米国の著名投資家ウォーレン・バフェット氏が率いる投資会社バークシャー・ハサウェイが日本の大手商社の株式を取得した。日本企業への本格的な投資は初めてとみられ、動向が注目される。
バークシャーは8月30日、伊藤忠商事や三菱商事など大手5社の株式を5%超ずつ保有したと発表。これを受けて31日の商社株はそろって上がった。
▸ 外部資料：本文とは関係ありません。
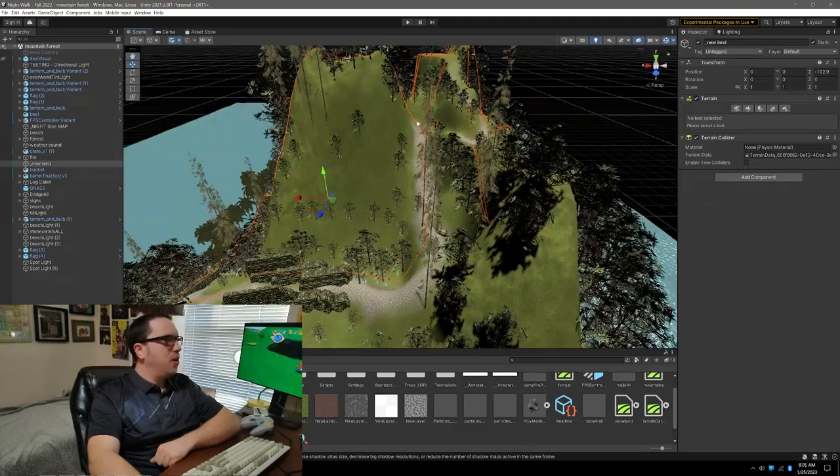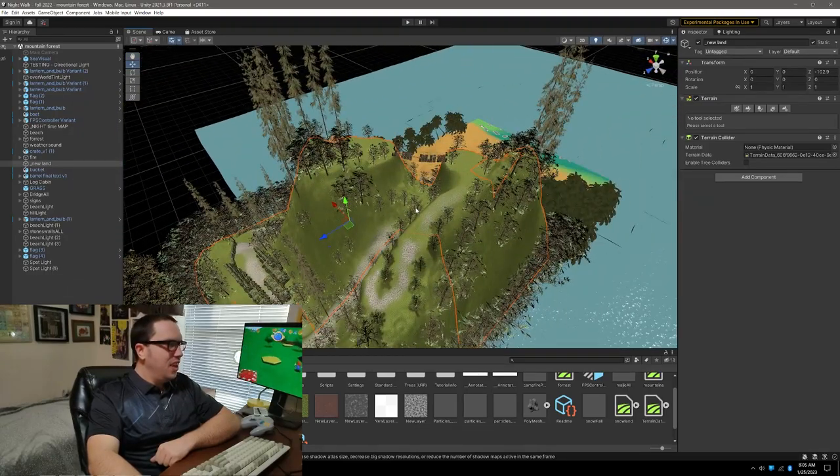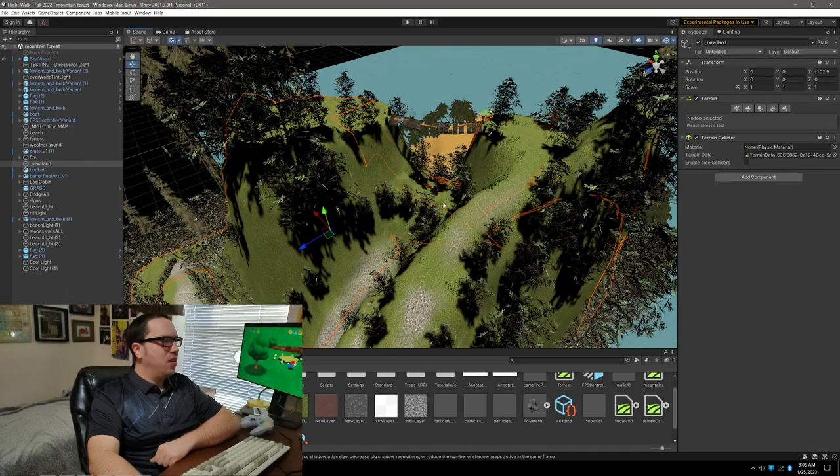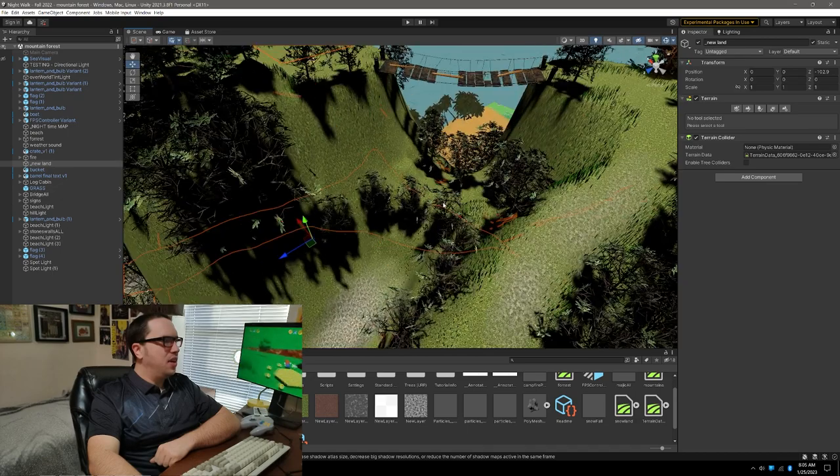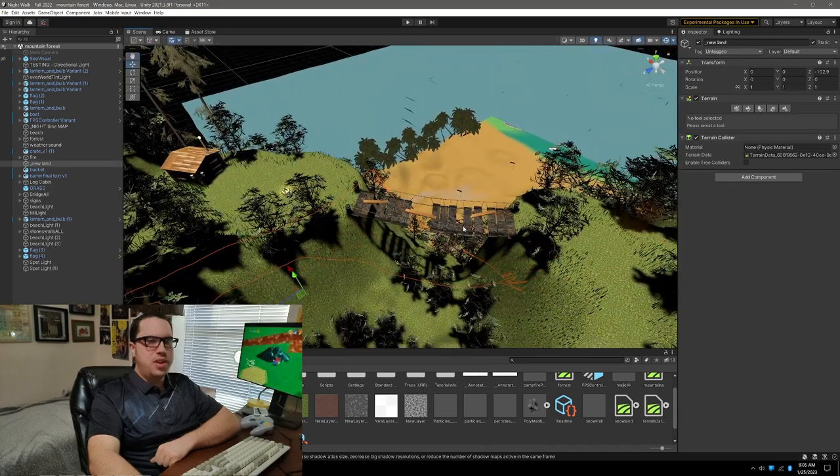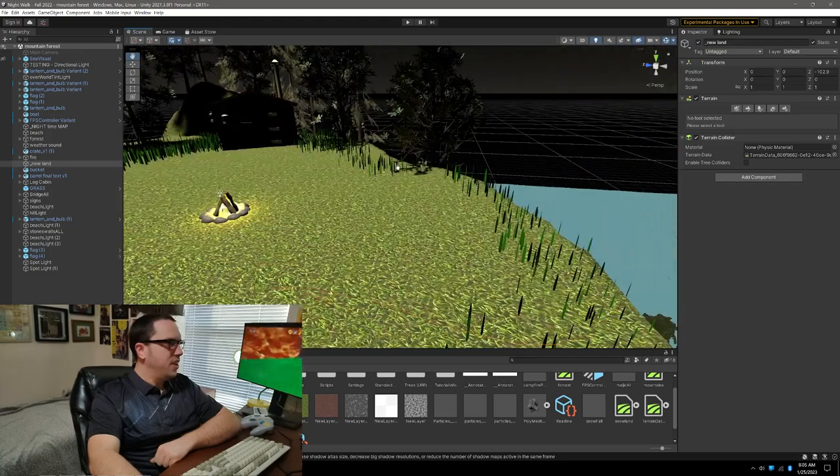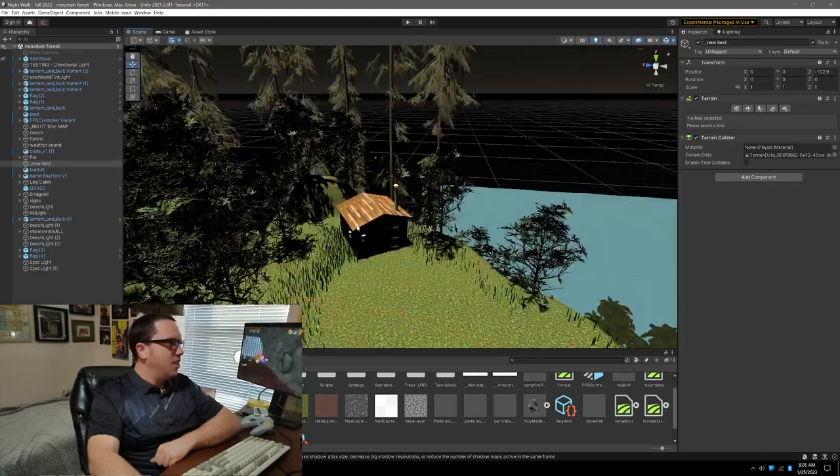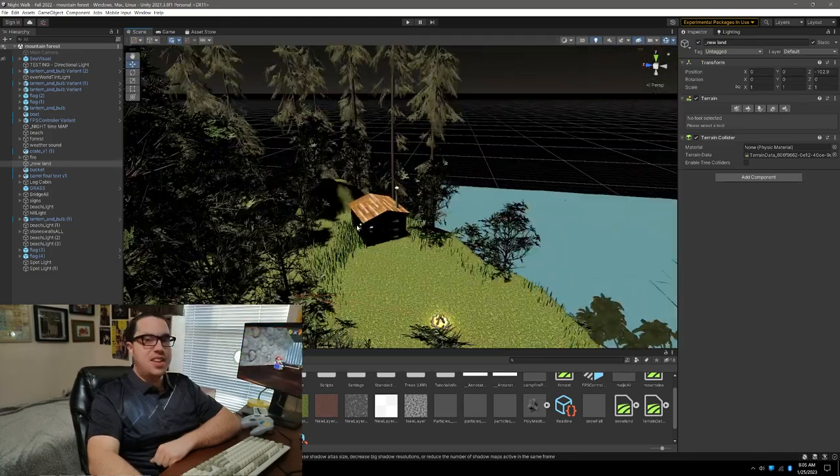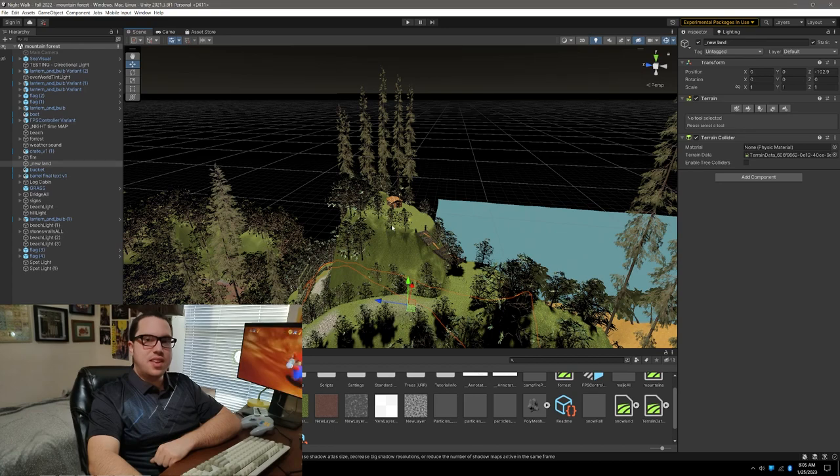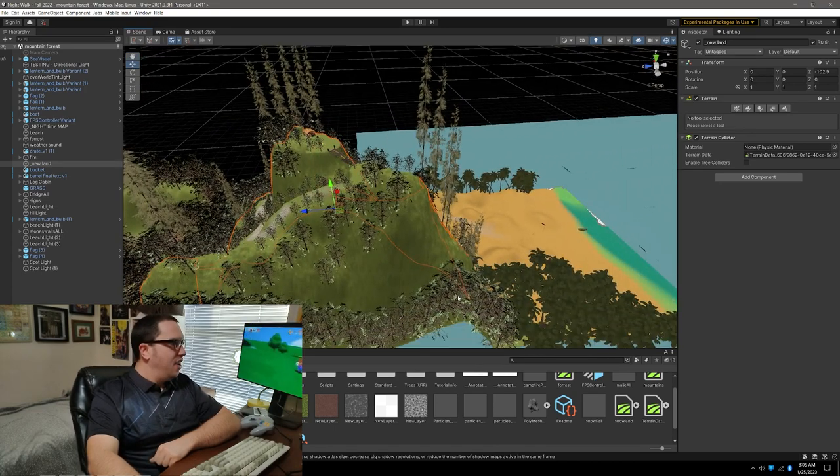path you walk up and all that. This took probably about an hour, but I could probably do it in like 15 minutes now that I've gotten used to it. There's a little log cabin. I didn't make any of these 3D models; that's one of the things I'm doing this semester.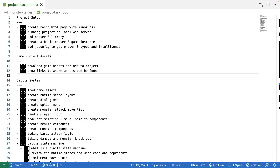To start building our game Monster Tamer, the first thing we need to do is set up our basic project from scratch. This requires creating an index.html page, installing and setting up the Phaser 3 library from the CDN, creating a basic Phaser 3 game instance, and running a local web server. The web server is required because our game will reference local assets like images and audio files, and for security reasons we can't load those from the local file system.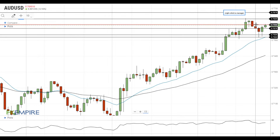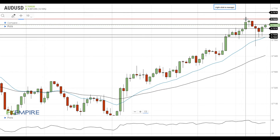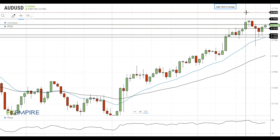If the Australian dollar gets above 76, it will head towards the next resistance level at 76.35. A successful test of this level will push the Australian dollar towards the next resistance near 76.75.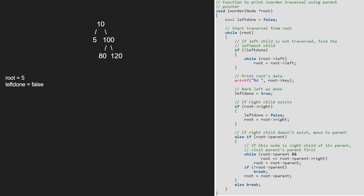Next, we print root. Hence, 5 is printed. We make left done true.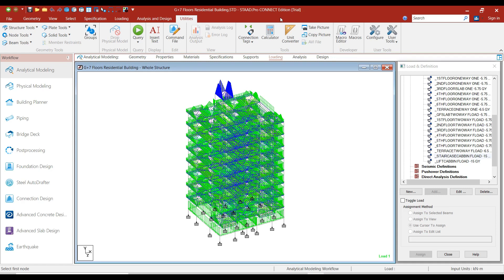Hello friends, welcome to this practical course on StatPro Software. In this lecture, we will add the live loads onto our structure.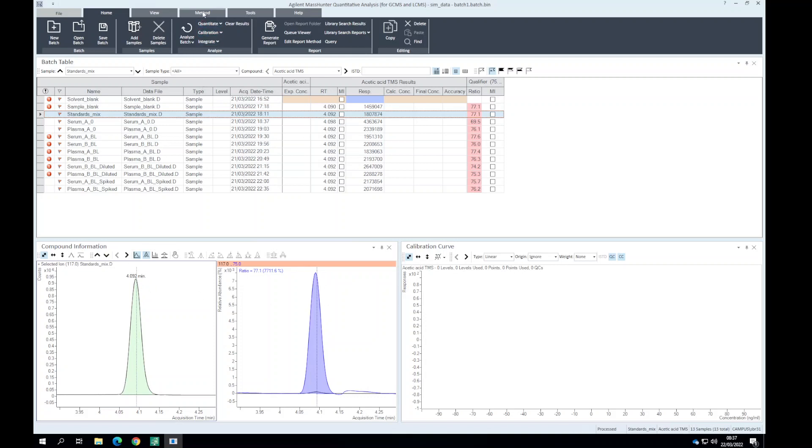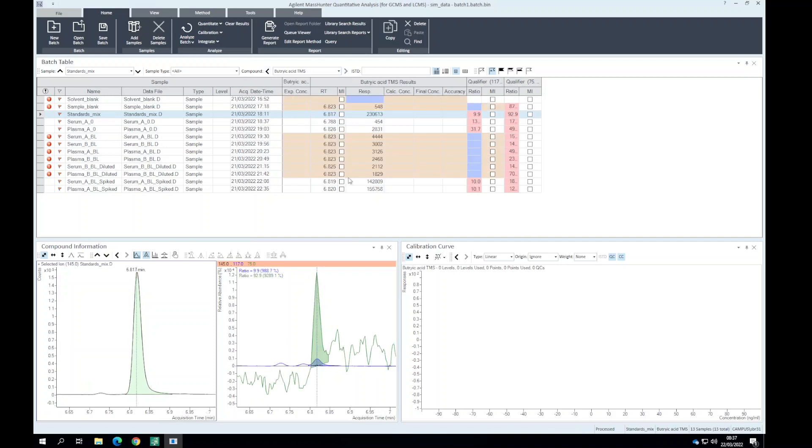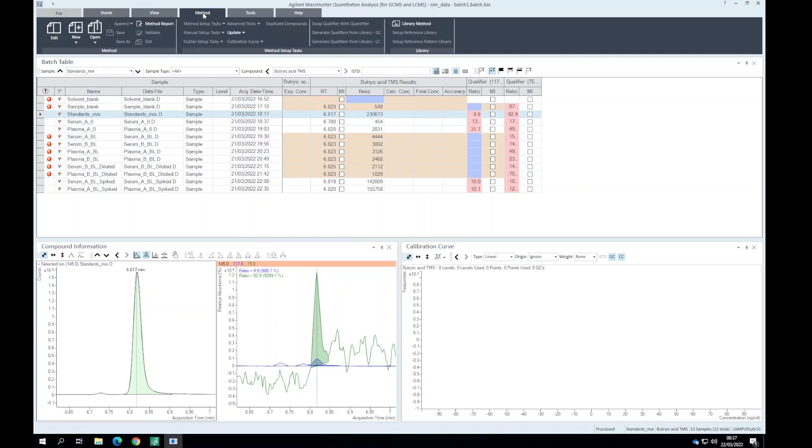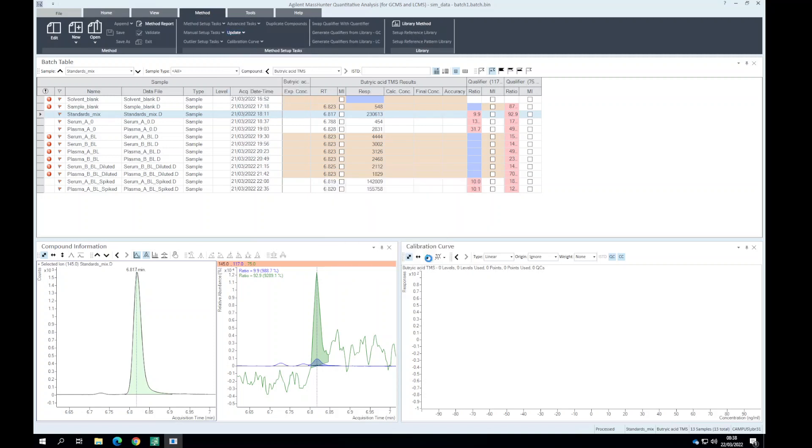While we're here we can look for consistency between the different analytes. For acetic acid and propionic acid we see there's a peak and there's a ratio, but we'll normalize these to make it look better. And then also for butyric acid. Let's update our qualifier ion ratios for all of these analytes.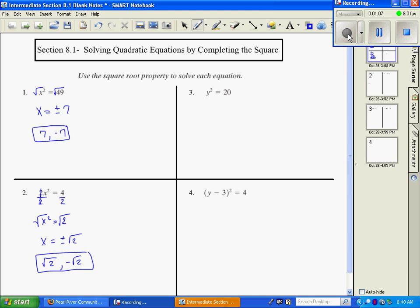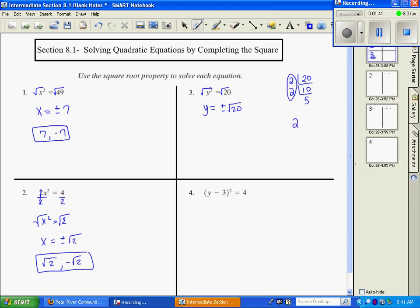Number three: we want to get y by itself, so we take the square root of both sides, giving y equals plus or minus the square root of 20. We check if 20 simplifies further using prime factors: 20 divides by 2 to give 10, which divides by 2 to give 5. Since the index is 2, we take pairs — a 2 comes out front and the square root of 5 remains. So the answer is plus or minus 2 square root of 5, meaning 2√5 and negative 2√5.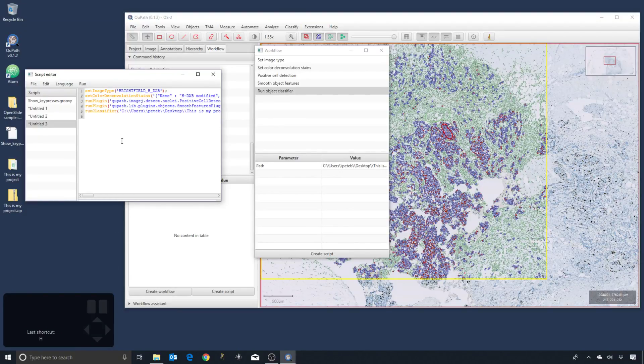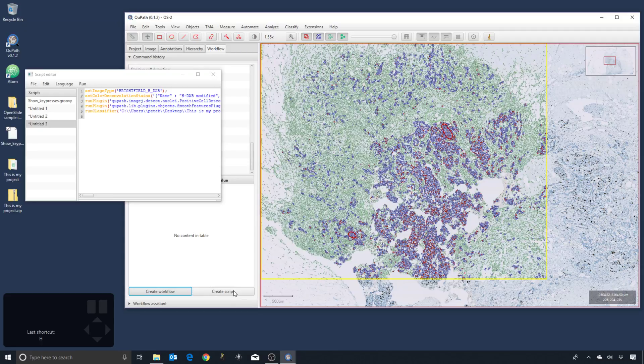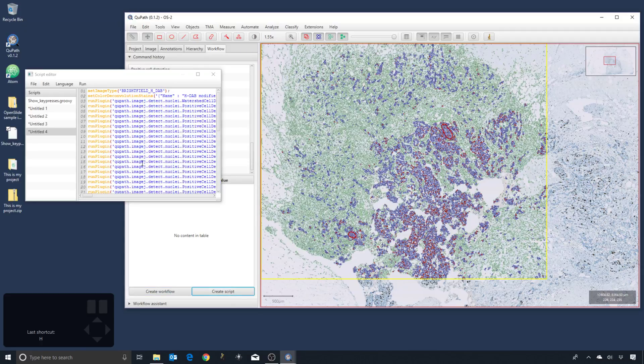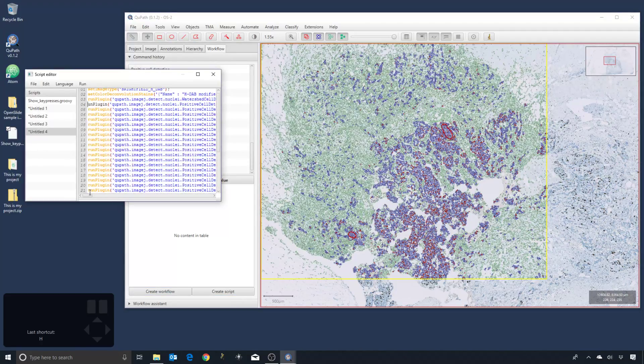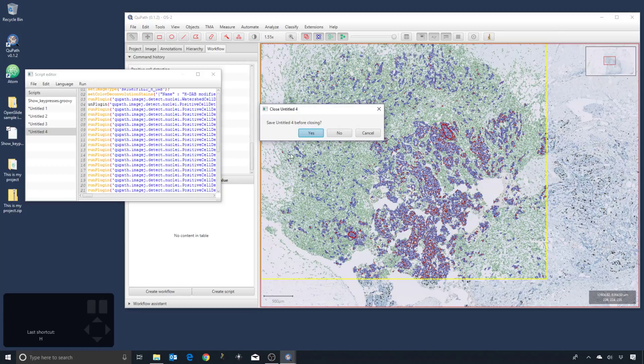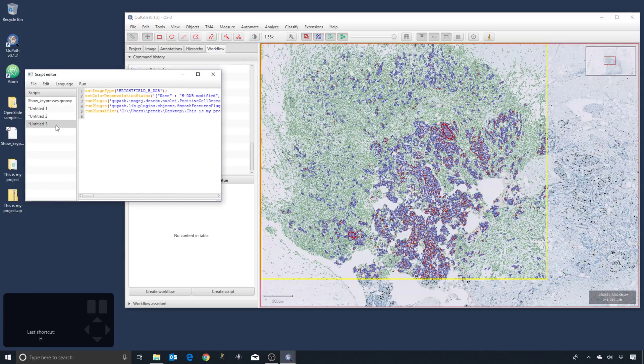And just delete the lines from in here. So it doesn't really matter which approach you take. You should end up then with a script which is relatively clean. And if you have multiple images, you can say 'Run for Project'.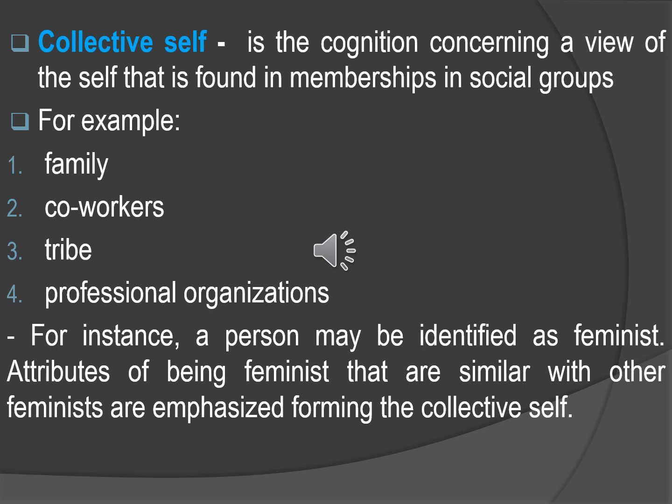Next is the collective self — the cognition concerning a view of the self found in membership in social groups. Your view of yourself depends on which community or social group you belong to, such as family, co-workers, tribe, or professional organizations like in an academy or university. For instance, a person may be identified as a feminist, and attributes of being feminist that are similar to other feminists are emphasized, forming the collective self. Similarly, students may be identified as students, and attributes shared with other students form their collective self.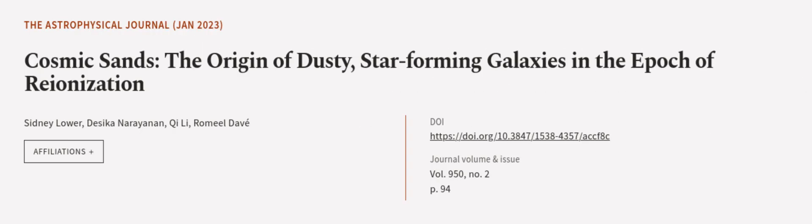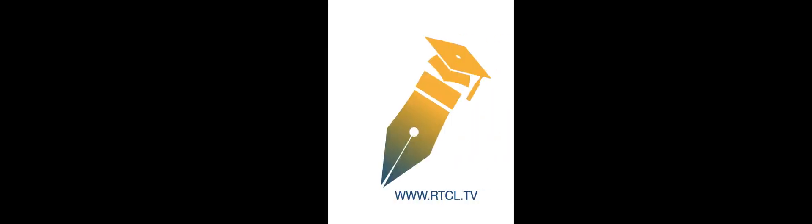This article was authored by Sydney Lowa, Dessica Narayanan, Chi Li, and others. We are article.tv, links in the description below.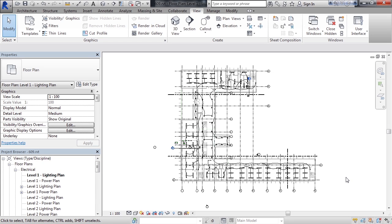And lastly, we looked at creating match lines using the match line tool on the View tab of the ribbon.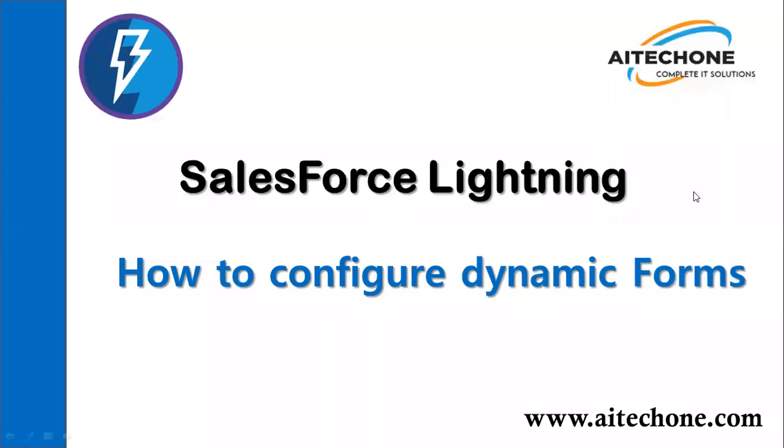Hello everyone, welcome to AITech1.com. This is my new video in Salesforce Lightning series. And in today's video, I'm going to demonstrate how to configure dynamic forms in Salesforce.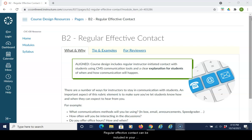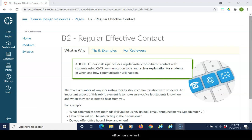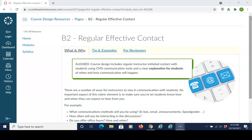Regular effective contact can be included in your announcements, feedback tool, inbox discussions, office hours as well, and the communication tools should be easy to find.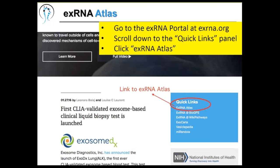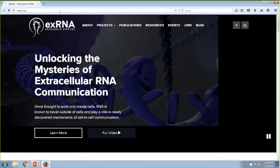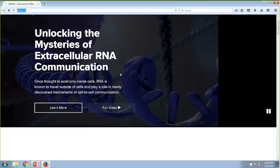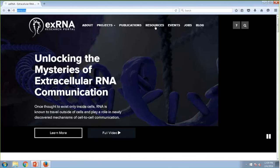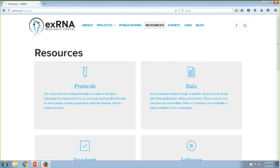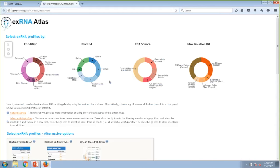Let's see how we can get to the Atlas. You can first go to the XRNA portal at XRNA.org. If you scroll down, you'll see a quick links panel, and the very first link there is the link to the XRNA Atlas. Alternatively, if you go to the top menu bar, you'll see a resources section — click there, then go to the data section, and you'll find the XRNA Atlas link there as well. Both ways take you to the same place.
「世界の金融市場から出遅れていた日本株、特に商社株に世界有数の投資家が関心を示したことは明るいニュース」(伊藤忠の岡藤正広会長CEO<最高経営責任者>)などと歓迎した。
バフェット氏は、割安な株を長く持ち、株価が上がったときに売り抜けるやり方が得意だとされる。一方で、自分が理解できない事業をする会社には投資しないという。そんな“プロ”が商社に目をつけたのはなぜか。
金融・財務の研修事業やコンサルティングに携わる小林修さんは「商社は危機のときでも経営の安定性を保てる点が強み」と指摘。「さまざまな事業を手がけ、経済危機への耐久力がある。リーマン・ショック後に企業が軒並み赤字になる中、商社は黒字を維持しました」
日本独特の存在である商社。海外の投資家からは「わかりにくい」と敬遠され、株価は相対的に安いと映ってきた。株価水準を測る指標の一つ、株価純資産倍率(PBR)では、伊藤忠以外は理論上の解散価値を下回る1倍以下にとどまる。